The Advisors' Blog

This blog features wisdom from respected compensation consultants and lawyers

June 16, 2021

Activist Investors Complain That “Pay-for-Performance” Is Juicing Pay Ratios

This NYT article analyzes whether execs are receiving outsized stock awards that end up widening the gap between CEOs and ordinary workers. It focuses on the 200 highest-paid CEOs – 8 of whom earned more than $100 million in total compensation last year. Here’s an excerpt:

CEOs in the survey received 274 times the pay of the median employee at their companies, compared with 245 times in the previous year. And CEO pay jumped 14.1 percent last year compared with 2019, while median workers got only a 1.9 percent raise.

Last year’s colossal awards sprouted from a well-developed corporate compensation culture, in which boards, consultants and executives preach the gospel of “pay for performance,” which typically links CEO compensation to the company’s stock price. But this approach can lead to enormous payouts if stocks go up. The S&P 500 returned nearly 18 percent in 2020, including dividends, and CEOs reaped handsome rewards. But the question is, how much do they really deserve?

“They are emphasizing performance equity awards so much and ignoring how big they are,” said Michael Varner, director of executive compensation research at CtW Investment Group. “This is one of the chief culprits of the continuing rise in executive pay over the decades.”

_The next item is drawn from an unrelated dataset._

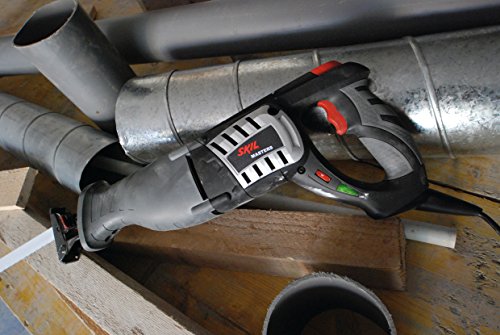 Skil Masters Säbelsäge 4950 MA (1.050W, VRS, Hubzahlvorwahl, 4m Kabel, +Tasche) - 2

The article spends quite a few paragraphs focusing on big payouts that CEOs can achieve if the stock price performs over a long period. You can feel the companies’ frustration in having to respond to some of these media inquiries – explaining repeatedly that the execs don’t actually get the payout until they achieve the milestones, or pointing to SEC filings that say that. But at the end of the day, if activists and others have decided that the company is contributing to inequality, it’s very difficult to communicate a $5 billion award in an appeasing way.